▸ **EXERCISE GOAL**
With the pictures left out, reproduce exactly the lines from the one containing "Black Dola Silk" through the final line of the entries.

▸ **EXERCISE DATA**
■ ■ ■ ■

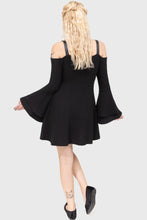 Load image into Gallery viewer, Model wearing a black dress with long sleeves and lace-up front on a white background
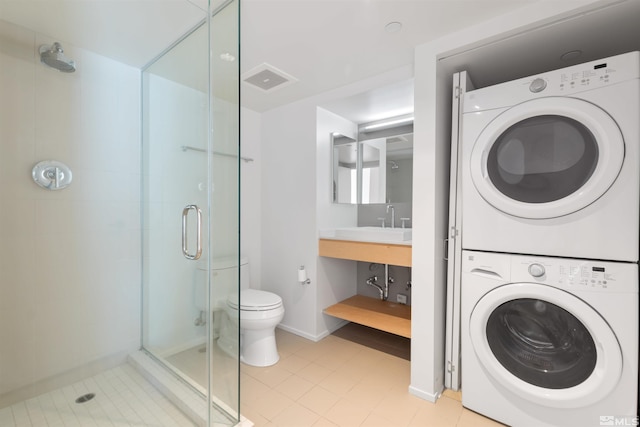 washroom with stacked washer and clothes dryer, sink, and light tile floors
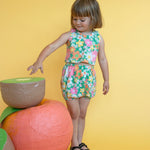 girl wearing colorful cute floral matching summer outfit with yellow background 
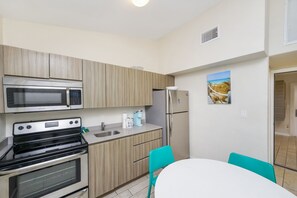 Family Apartment, 2 Bedrooms, Kitchen | Private kitchen | Microwave, coffee/tea maker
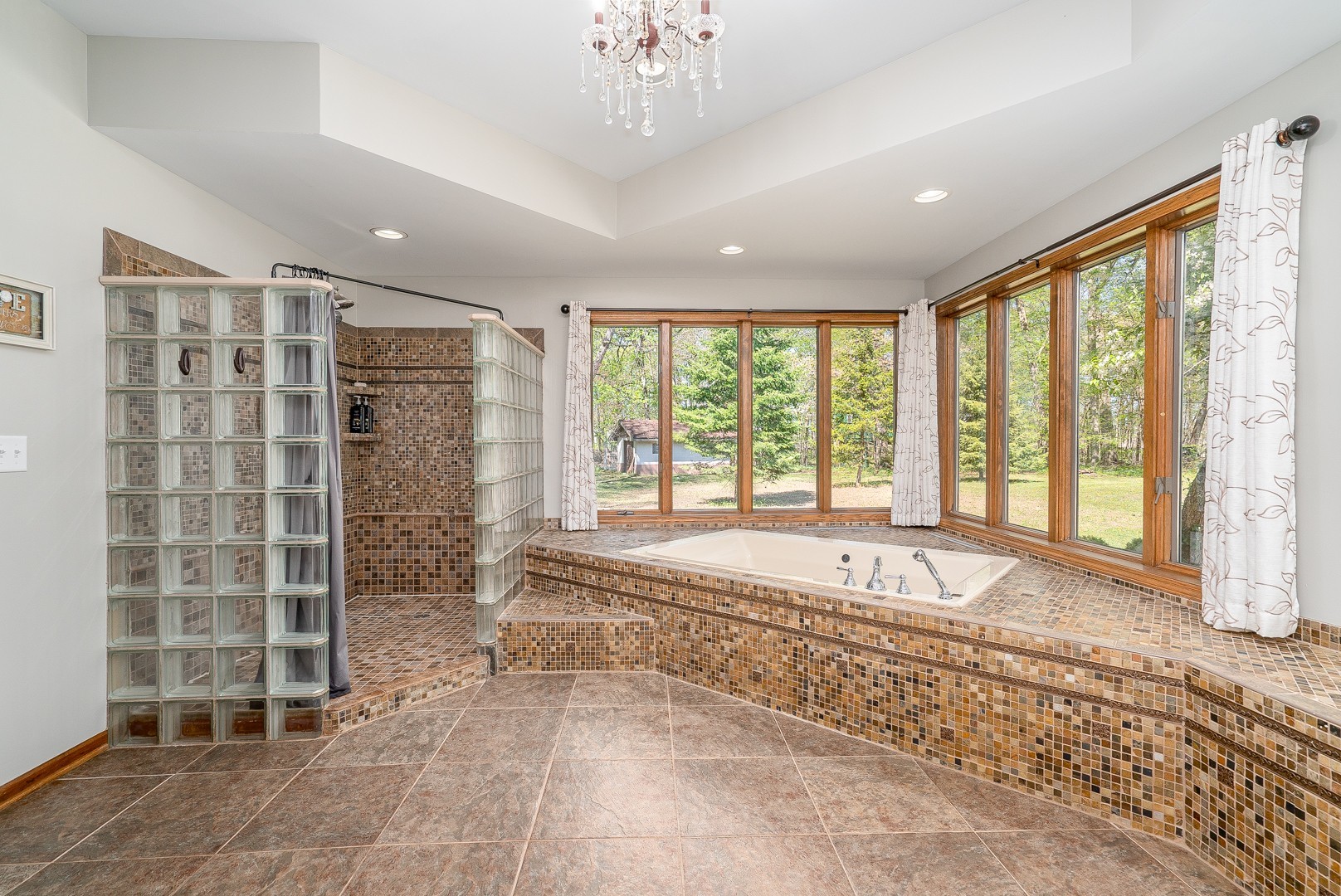8500 North 4000 W Road Morris, IL 60450 - Photo 11 of 38 a large spacious bedroom with a large bed and a window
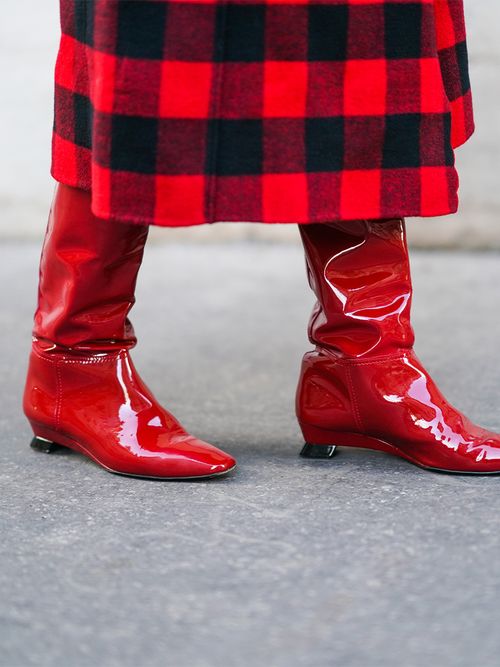 Close up von roten Lackstiefeln zu einem rot/schwarz karierten Mantel.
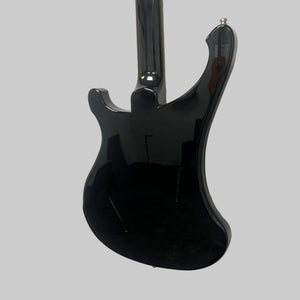 A Rickenbacker 4003 Bass Guitar – 2020 Jetglo w/Case by Rickenbacker is hanging on a white wall, photographed from the back to showcase its glossy black finish and the reflections of the room.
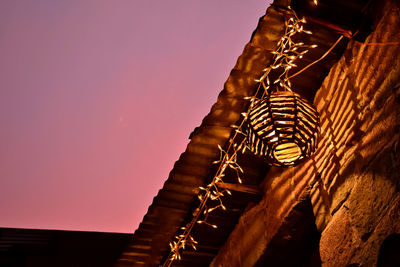 Low angle view of illuminated lantern and christmas lights outside house against clear sky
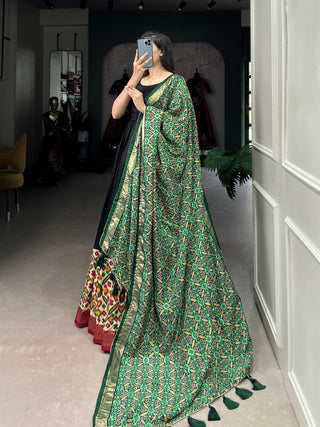 Black Dola Silk Gown with Patola Print Dupatta – Modern Elegance with Foilwork Flair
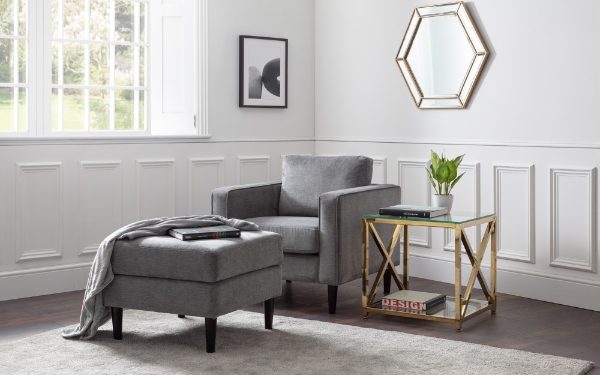 Gray armchair and ottoman with a side table in a living room setting.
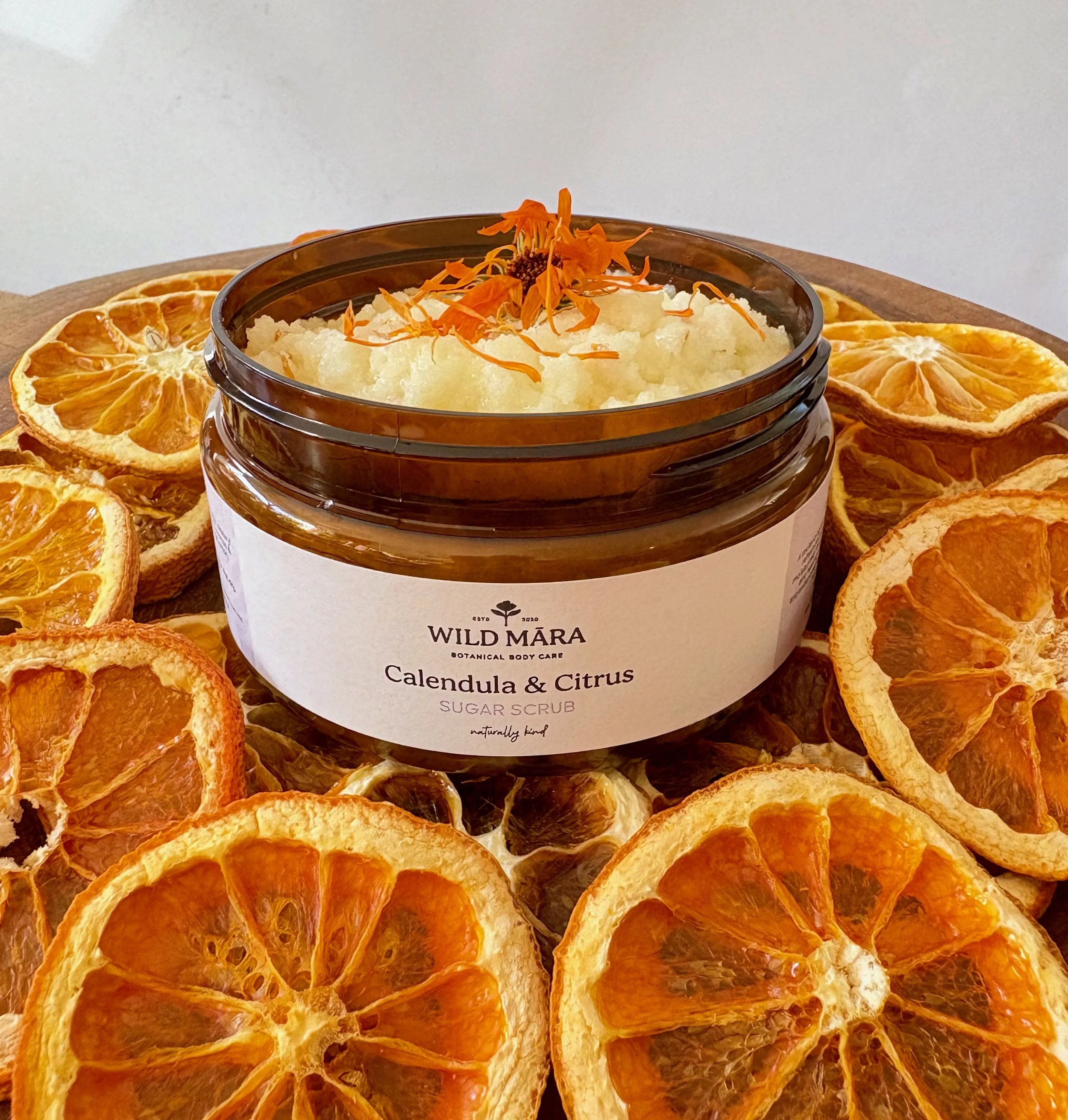 A container of Wild Mara Calendula & Citrus sugar scrub surrounded by dried orange slices.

■ ■ ■ ■

▸ **SOLUTION**
 Black Dola Silk Gown with Patola Print Dupatta – Modern Elegance with Foilwork Flair
 Gray armchair and ottoman with a side table in a living room setting.
 A container of Wild Mara Calendula & Citrus sugar scrub surrounded by dried orange slices.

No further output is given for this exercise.